Archbishop Wesoloski is the nuncio who was yanked back to the Vatican on August 21, 2013 after a July meeting of which it is reported the current Archbishop of Santo Domingo, Dominican Republic informed Pope Francis of “rumors” of sexual abuse allegations against Archbishop Wesoloski in the Dominican Republic. The Dominican Republic has an open investigation going on into the charges but to date Wesoloski has not been charged in the Dominican Republic.
Working the George responsibility theory, Pope Francis could slip the bonds of accountability by simply writing an open letter to Catholics and any and all other interested parties letting them know that this bishop was poorly vetted by a dead man. In this case: Pope John Paul II who ordained him as both priest and bishop.
Then the hopscotch plan of how not to be responsible when you’re in charge could be put into action.
WE urge our readers and in the pew Catholics to consider what Cardinal George does not say in this letter. He does not say that he bounded into either the seminary rector’s office to make sure there was better vetting of seminarians after the Daniel McCormack case, nor does he in his letter “Accountability and Transparency” indicate that he ever thought about let alone did bring up this seminary formation for full throated or even weak discussion at a United States Conference of Bishops’ meeting.
Cardinal George served as the president of the USCCB from 2009-2011. He was not a back bencher in the conference.

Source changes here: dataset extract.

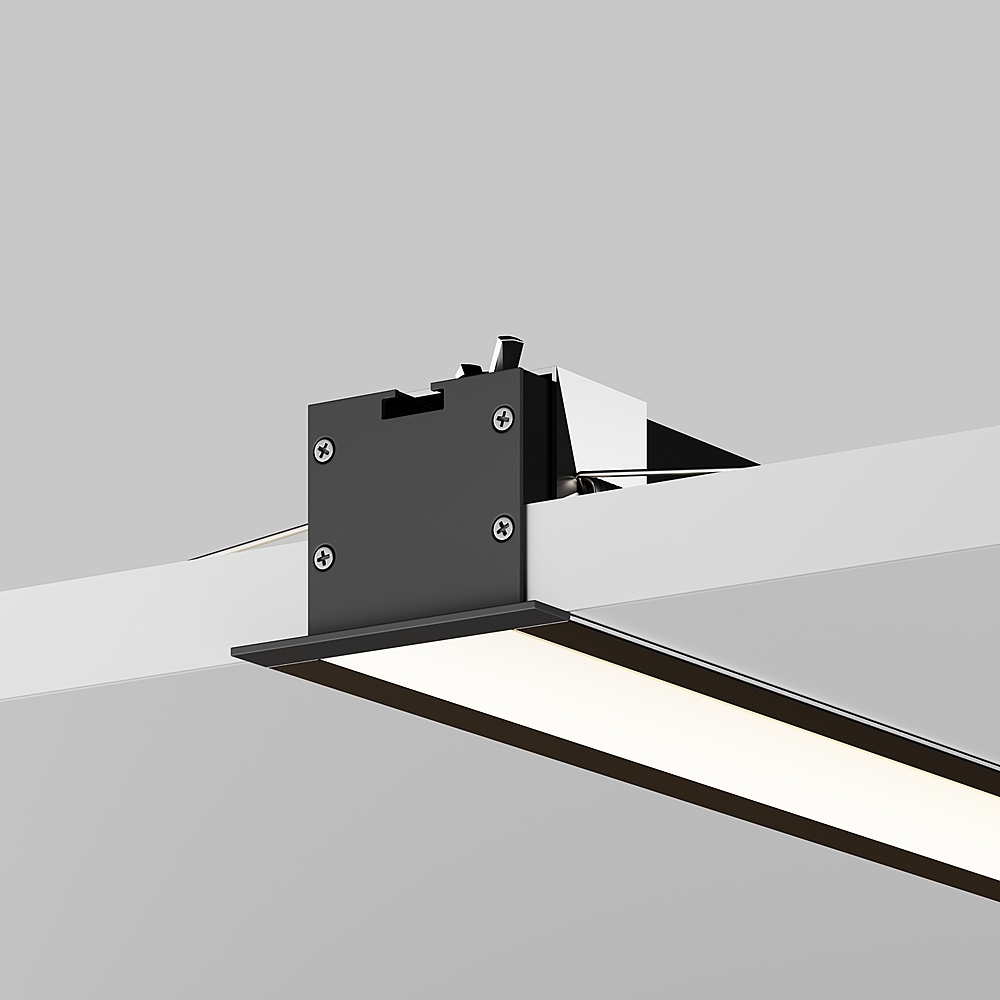 Встраиваемый светильник Maytoni Встраиваемые линейные светильники LL313016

The Cardinal also pleads lack of knowledge stemming from lack of communication among the staff within his chancery and what got told to him about sexual abuse.

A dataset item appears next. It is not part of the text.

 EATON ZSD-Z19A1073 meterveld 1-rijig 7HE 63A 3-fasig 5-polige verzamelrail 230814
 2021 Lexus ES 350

The problem with this approach is Cardinal George says nothing about how he ran or runs his ship to set a tone that would have made any staff member quake – or at least worry about employment — if he or she had withheld from the Cardinal information regarding a sexually abusing priest.

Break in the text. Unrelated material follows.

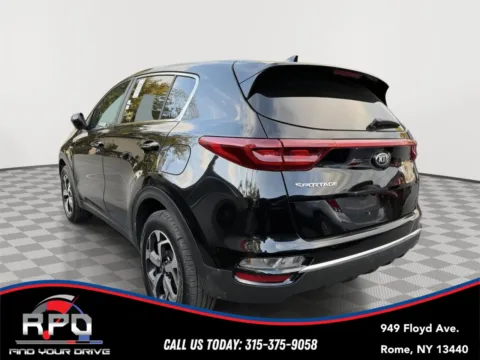 Photos of 2022 Kia Sportage LX for sale in Rome, NY at Rome Preowned Auto Sales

We are talking here about the rape and sodomy of children and minors. How does a staff not get the boss’ attitude to it – particularly when the boss authors the response of the United States bishops to it?
Cardinal George’s letter also says this in regard to the handling of the Daniel McCormack case “The response, in retrospect, was not always adequate to all the facts, but a mistake is not a cover up.” Not always adequate, indeed.
Given the blame game in the Cardinal’s’ letter and the confluence of the terse no extradition response to Poland, we advise our readers to stay tuned – more tuned in than usual — for the release of the Chicago documents, scheduled to be handled over on January 15 and then made public after victims’ names have been redacted and the United Nations hearing in Geneva on January 16 where the Vatican delegation may be led by Cardinal-elect Pietro Parolin, the new Vatican Secretary of State, to respond to the UN regarding the Vatican’s answers on its performance as a signer of the UN Treaty of the Child. The Vatican to this point has decided to answer the questions based on the 31 children who live inside Fortress Vatican and not the children of the world. The Vatican can retreat to its 108 acre geographic boundaries when it wants to hide – almost like a three year old throwing a blanket over its head and giggling “you can’t see me!”
Just one more item that clanked a bit in the Cardinal George letter: it seems odd to us that a former president of the USCCB would refer to the organization as the National Bishops’ Conference. Seems more like a public relations or a law firm drafter would use this phrase with a note to self to go back and check the organization’s formal title. Sometimes we forget our notes.
We sign off with the hope spring eternal thought that the George letter will have some good effect as a stiffening agent for Catholics spines – or at least a motivator for removing the kick me sign hanging on their backs.